確かに今日の行動は、ディーノが思うところの一般的なデートとはかけ離れている。だが今問題にするのはそこではなく『恋愛関係云々』の文。

(う、わ)

どうやら雲雀は二人の関係をちゃんと恋愛関係だと思ってくれているらしい。
抱き合い、口付け、夜は身体を重ねる関係を恋人同士と呼ばずして何と呼ぶのだとは思うが、日頃から愛の言葉を告げる自分と異なり雲雀の口からその手の言葉が出る事はほぼ無いに等しい。
だからこそ先程携帯に表示された文字は衝撃だった。

「恭弥!」

歓喜のあまり前を歩く雲雀に衝動的に抱きつこうとしたディーノだったが、その身体に手が触れる前に雲雀は不意に進む方向を変えてしまう。

「ここで待ってて」

伸ばした腕の行き場に困るディーノを余所に雲雀が向かったのは、たい焼きを売る小さな屋台。
この手の屋台も暴力団の息が掛かっていると聞いた事がある。仕事絡みか、と大人しくディーノが待っていると、やがて両手にたい焼きを持った雲雀が戻って来た。

「はい」

「お?」

「一日付き合って貰ったからね。お礼だよ」

「そっか、サンキュ」

片方のたい焼きを差し出す雲雀に礼を言ってディーノは受け取る。

「お前、ホントあちこちの奴らに顔が利くんだなー。貰ったのか?」

「違うよ。買ったんだ」

「そうなの?」

暴力団の組員に限らず雲雀がこの並盛町で顔が利き、行きつけの飲食店では店が代金を徴収しない所もあると言うのはディーノも知っていた。だからこれもてっきりそうだと思ったのだが、雲雀は心外だと言わんばかりにムスっとして否定した。

「あなたも町の人達から物を貰う事あるんじゃないの」

「あるぜ」

事実なのでディーノは即答する。
採れたばかりの野菜や魚を届けてくれる人もいれば、改装祝いと言って店の商品を贈ってくれる店主もいる。
純粋な好意からの時もあるしキャバッローネに守ってもらう代償としての献上の時もある。
ディーノにはそれと今の会話がどう関係あるのか分からなかったが、続く雲雀の言葉で繋がった。
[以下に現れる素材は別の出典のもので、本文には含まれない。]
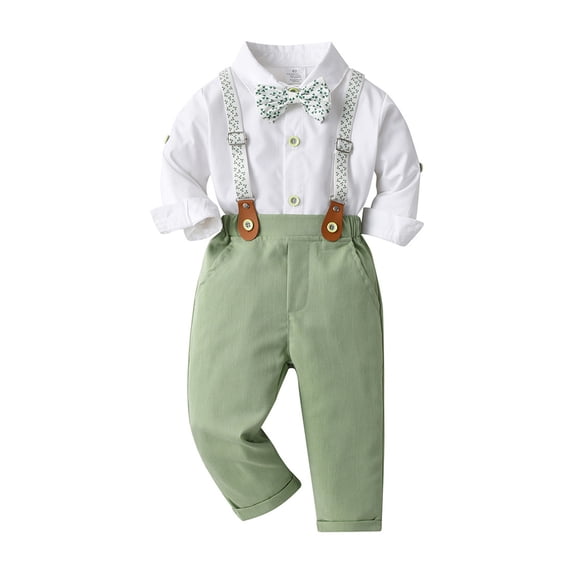 Zwiiyzr Boys and Girls Baby Clothes Gentleman Outfits Suits Infant Long Sleeve Shirts + Suspender Pants + Bowtie 0-4 Years Green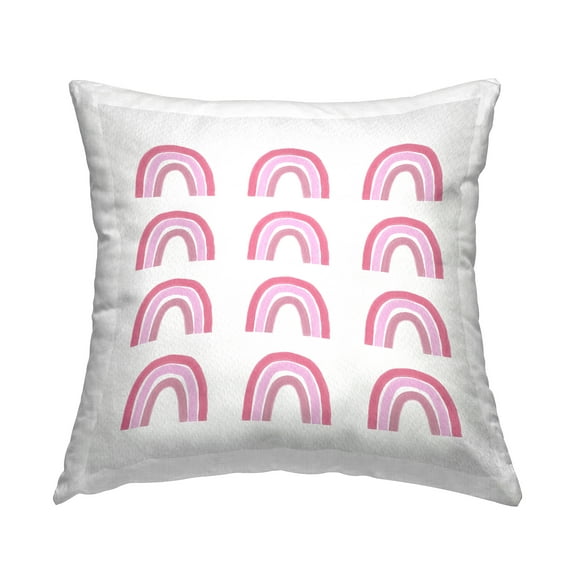Stupell Industries Pink Stripes Rainbow Arch Shapes Pattern Design by Amy Brinkman Throw Pillow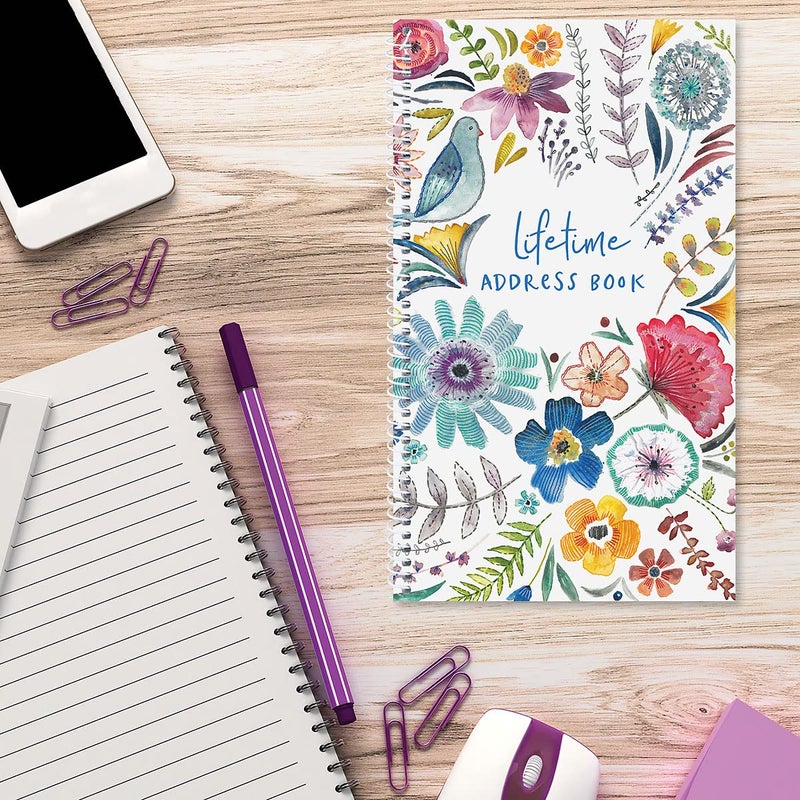 Current Embroidered Florals Address Book-94 Pages; Small 5" x 8-1/2" Size for Purse or Office,Spiral Bound Soft Cover Organizer for Contacts,Addresses,Email, & Phone Numbers + 50 Replacement Stickers - Image 5
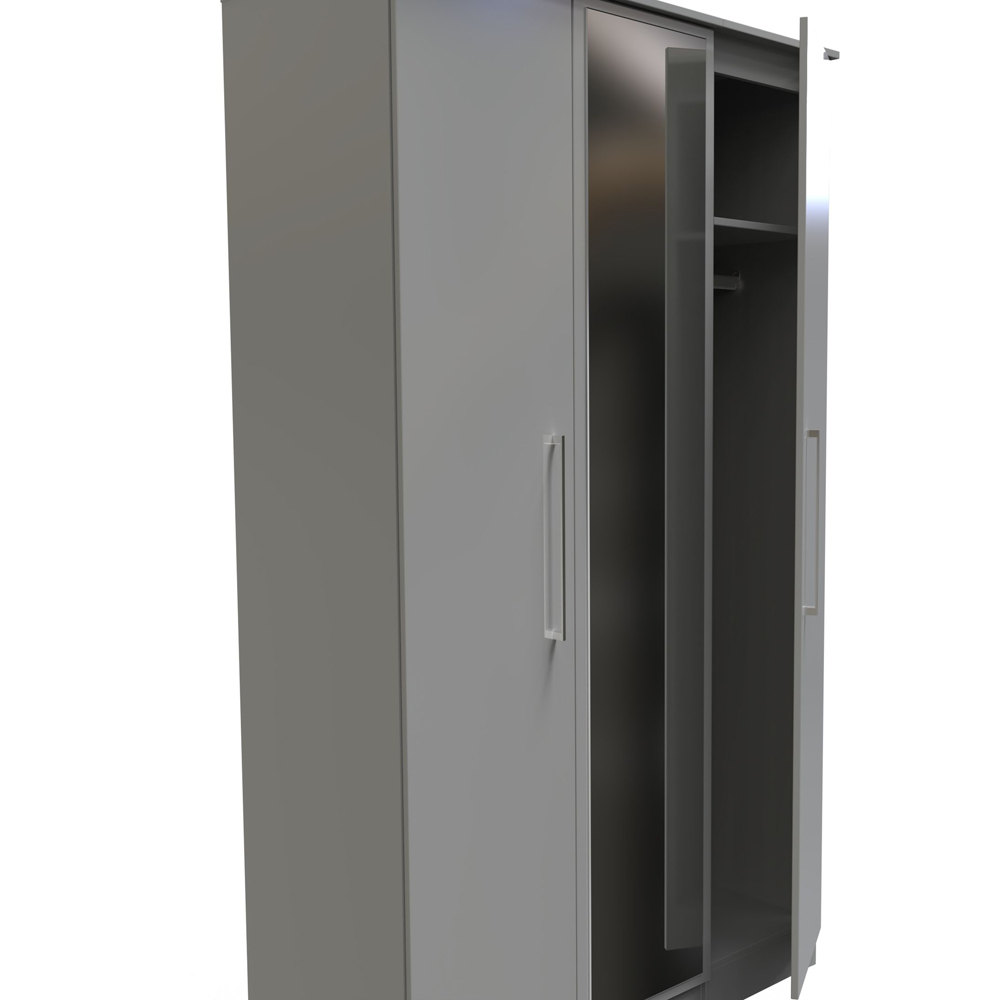 Crowndale Worcester 3 Door Uniform Grey and Dusk Grey Mirrored Wardrobe Ready Assembled Image 5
「そうした貰い物をあなたは僕へのプレゼントに流用するの?」

そんな事、一度だってした事はない。
貰った物がどうこうではなく、雲雀への贈り物は高価な物だろうが廉価な物だろうが自分の目で見て自分の所持金で選びたいからだ。
と言う事は―――

「そう言う事」

豪快に大口開けてたい焼きに齧り付く雲雀は、照れるでも言い訳するでもなく、至極当然のようにそう言う。
一日の最後の最後に雲雀から愛情の贈り物をされたように思えて、ディーノは締まりのない笑顔になってしまう。

「変な人。そんなにそれが気に入ったなら次はあなたが買いなよ」

「いいぜ。十個でも二十個でも買ってやる」

「そんなにいらない。それよりそろそろ晩ご飯が食べたい」

「おう、ホテルでハンバーグ食わせてやるから来いよ」

「和風のがいい」

「了解」

丸一日町を歩き回ったデート。楽しくて、嬉しかったデート。
健全なデートも悪くないけど、締めくくりはやっぱり恋人同士らしく過ごしたい。

二人はデート帰りの恋人同士とは思えない距離を取りながら、恋人同士の夜を過ごす為雑踏の中に消えて行った。